Minuscule 569 is a Greek minuscule illuminated manuscript Gospel book, written on parchment. It is designated by the siglum 569. in the Gregory-Aland numbering of New Testament manuscripts, and as A^{151} in the von Soden numbering of New Testament manuscripts. It is dated by a Colophon to the year 1061. It was labelled by Biblical scholar Frederick H. A. Scrivener as 475. The manuscript has complex contents.

== Description ==

The manuscript is a codex (precursor to the modern book format), containing the complete text of the four Gospels written on 358 parchment leaves (sized ). The writing is in one column per page, 14 lines per page for the main text, and 51 lines for the surrounding commentary. It includes breathing marks, sign of the interrogative, with frequent abbreviations; iota adscript occurs several times (e.g. τῶι for τῷ), it has some iotacistic errors; and avoid hiatus (e.g. ἐγέννησε τὸν).

Some initial letters are in gold ink or another colour. It contains ornamented canon tables; a table of contents (known as κεφαλαια / kephalaia) are placed before each Gospel; the chapter numerals (also known as κεφαλαια) are written in the margin, with their titles (known as τιτλοι / titloi) written at the top of the pages.

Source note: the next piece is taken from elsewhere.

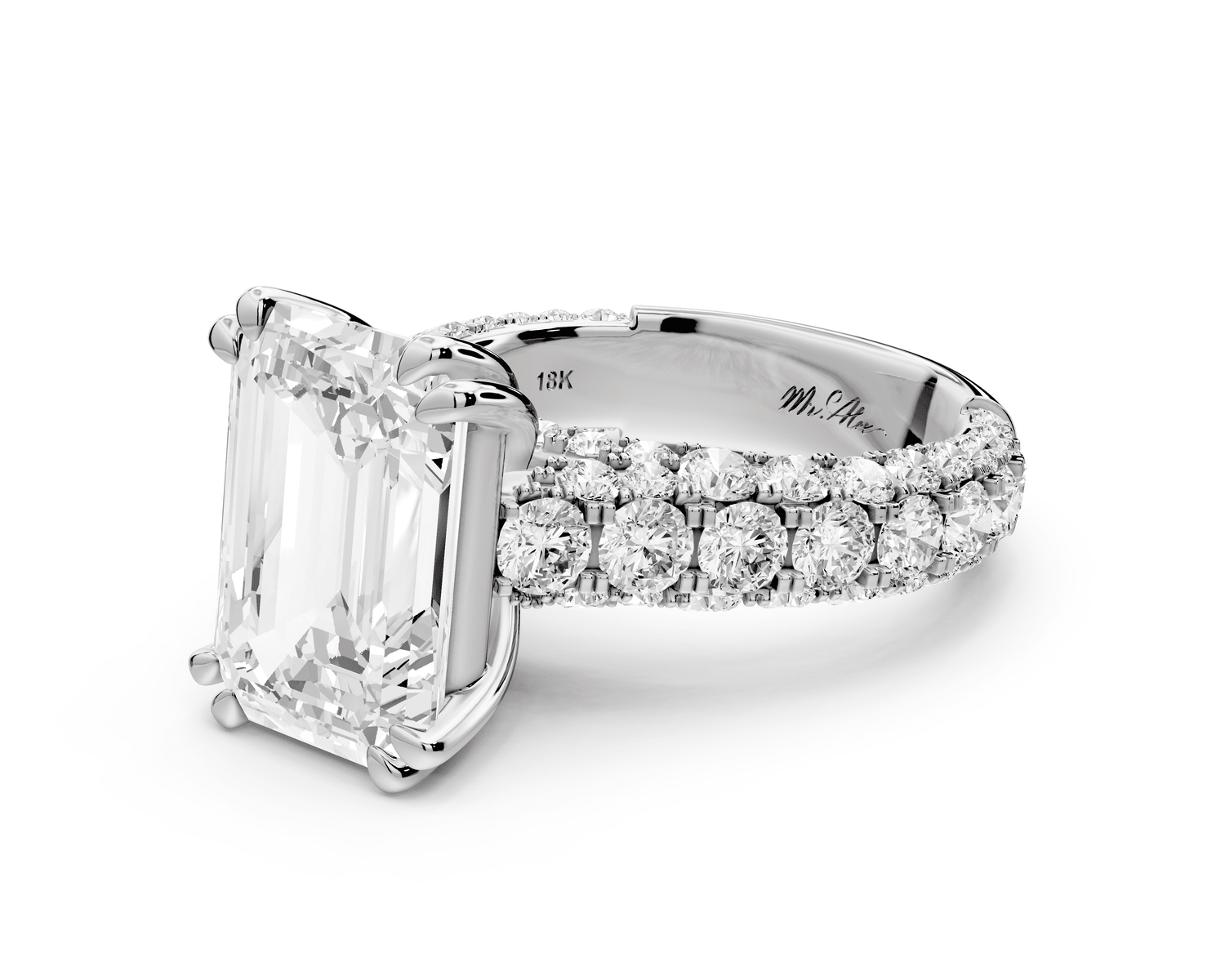 Clarissa - 5ct 18k white gold emerald Diamond double talon prongs with a diamond bridge rollover pave cathedral engagment ring - Mr. Alex Jewelry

Also included are a "hypothesis" (explanatory of using of the Eusebian Canons), the number of lines (known as στιχοι / stichoi), Prolegomena (introductions), lectionary markings, a Synaxarion and Menologion, four Evangelist portraits, and decorative head-pieces (in four colours). The biblical text is surrounded by a patristic commentary (known as a catena); in the Gospel of Mark it is a commentary by Victorinus of Pettau. There is additional material from Epiphanius of Salamis.

== Text ==

The Greek text of the codex is considered to be a representative of the Byzantine text-type, with some non-majority readings. Biblical scholar Kurt Aland did not place it in any Category of his New Testament manuscript classification system.

According to the Claremont Profile Method (a specific analysis of textual data), it represents the textual M27 group in Luke 1, Luke 10, and Luke 20. Other manuscripts in this textual group are the minuscules 71, 692, and 750, with Minuscule 1170 being the closest to minuscule 569.

== History ==
The manuscript was completed on 1 November 1061, by an unknown scribe. On the front side of folio 5, a scribe named Eugenius notes that in 1757 the manuscript was bought from Sophronius, a monk, in exchange for a promise to erect a chapel in honour of Saint Spyridon in the monastery of Saint Paul in Bulgaria.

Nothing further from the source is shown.